This was an application by the Defendants for summary dismissal of the Plaintiff’s claim for coverage under a hull and machinery policy. The policy contained a warranty that any movements of the barge would be subject to underwriters’ prior approval. In breach of this warranty, the barge was moved without any notice to underwriters and sank four days after the move had been completed. A marine surveyor was appointed but he was unable to come to a firm opinion on the cause of the sinking. Subsequent to the sinking, the insurers and the broker agreed to cancel the insurance policies effective the day of the move.

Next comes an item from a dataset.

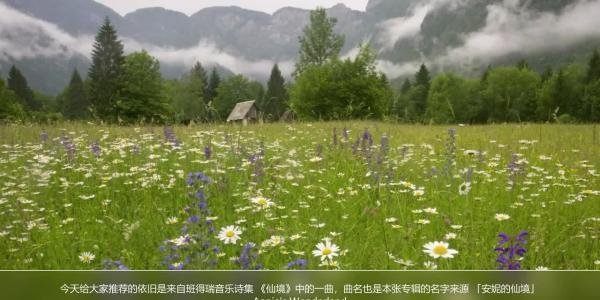 吴昊音乐作品欣赏 ——《安妮的仙境》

The issues in the case were whether the warranty was a true promissory warranty or merely a suspensive condition and was the insurance policy properly cancelled retroactively. At first instance the motions judge held that in order for a clause to constitute a promissory warranty there must be “a substantial relationship between the warranty and the loss incurred”. The motions judge further held that in order to answer this question there was a need for further evidence concerning the cause of the sinking of the barge. The motions judge therefore dismissed the application and ordered that the matter proceed to trial. On appeal, the British Columbia Court of Appeal held that the motions judge erred in requiring that a “substantial relationship” exist between the warranty and the loss incurred. Such a test was retrospective in nature and would be a serious practical impediment to the marine insurance business. The Court of Appeal went on to find that the clause in issue was clearly intended by the parties to be a promissory warranty the breach of which discharged the insurers from any liability. The Court of Appeal further held that the cancellation of the policy by agreement between the insurers and the broker was effective as the broker had the apparent or ostensible authority of the assured.

Stay of Proceedings

Waterworks Construction Ltd. v Liberty Mutual Insurance Co., 2001 NSSC 125, [2001] N.S.J. No. 355

This action arose out of the sinking of a concrete casing which was determined to be a hazard. The Plaintiff alleged that its liability for the cost of removal of the casing was covered by an insurance policy issued by the Defendant. There was, however, a second action between the Plaintiff and other parties relating to the liability for the sinking. The Defendant insurer brought this application to stay the insurance action pending the outcome of the liability action. The Court declined the stay holding that there were separate issues in the two actions.

Subrogation

Chubb Insurance Co. of Canada v Cast Line Ltd., [2001] Q.J. No. 2363

This was a subrogated action by a cargo insurer against an ocean carrier for damage occasioned to a container of cheese. The Defendant carrier brought this motion arguing that the Plaintiff insurer had no right to bring the action as it had no rights of subrogation. The Defendant relied upon the terms of the receipt signed by the assured which referred to the payment by the insurer as a loan. Notwithstanding the language of the receipt, the court held that the payment by the insurer was a true insurance indemnity as it was reimbursable by the assured only in the event that it should obtain indemnification from another source. In result, the Defendant’s motion was dismissed.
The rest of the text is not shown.